La Chiesa si trova spesso in mezzo alle politiche-spettacolo, suo malgrado. Perché se qualcosa proprio non appartiene alla Chiesa è di misurarsi con i trionfalismi del mondo; e se qualcosa di pernicioso le può davvero accadere, è di lasciarsi tirare da una parte o dall’altra. Quando si dice che la Chiesa non è di destra né di sinistra si è immediatamente soggetti all’accusa di non essere evangelici, perché, si grida, il Vangelo o chiama ai poveri o non è. E per poveri si intendono normalmente solo quelli descritti da una sociologia economica: ed è questa tragica riduzione dell’uo-mo che finisce per ridurre il Vangelo a poco più di un manuale di convivenza.
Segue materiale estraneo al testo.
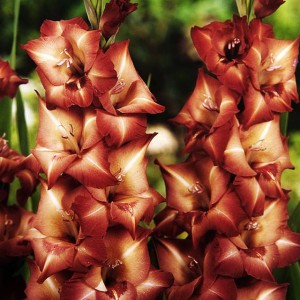 Gladiolus Mieczyk Wielkokwiatowy Antica 5 szt.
Poveri sono certamente coloro che fanno fatica a mangiare; e ricchi -sono quelli che non spartiscono per avidità. Ma poveri sono anche i bambini a cui la vita è tolta, e i ragazzi a cui la vita non viene insegnata: per la stupidità dell’uomo che rinuncia ad essere creatore. Poveri sono i facoltosi che son lasciati soli, perché i loro soldi gli bastano, si dice; e poveri i malati che non vengono curati se non per un tornaconto. Poveri certamente gli islamici che capitano da noi, e poveri anche i cristiani che vivono nelle loro terre. Poveri son quelli sbattuti sotto un ponte, e poveri son quelli che finiscono sul marciapiede per l’abbaglio di una ricchezza facile, o di una vita libera.
Ma i poveri per il Vangelo sono soprattutto altri: quelli che mancano di fede, speranza e carità. I più poveri sono quelli che cercano in se stessi la salvezza. O la cercano in uomini loro simili. Nell’assentarsi dal mondo, Gesù il Cristo ha lasciato una Chiesa: che non è un optional; che non va presa per gli spizzichi che piacciono, o lasciata perché non dice ciò che ci si aspetta. Una Chiesa che non è né popolare né clericale, ma dove tutti obbediscono allo Spirito, insieme, senza fratture né particolarismi. Un luogo e un tempo dove ci si raduna per ascoltare la Parola e spezzare il Pane, imparando la missione della parola e del pane per chiunque si incontra.
Ci sta dinanzi un tempo per scoprire il bene che la Chiesa è: nei suoi avvertimenti e nei suoi incitamenti, nella sua accoglienza e nell’intimità che fa nascere tra coloro che s’affidano. Forse per questo è più facile occupare una chiesa per i diseredati del mondo: perché sanno di trovare lì non solo uomini e donne compassionevoli degli altri, ma donne e uomini essi stessi afflitti e tuttavia consolati.
Perché hanno occupato Dio per la propria e l’altrui vita.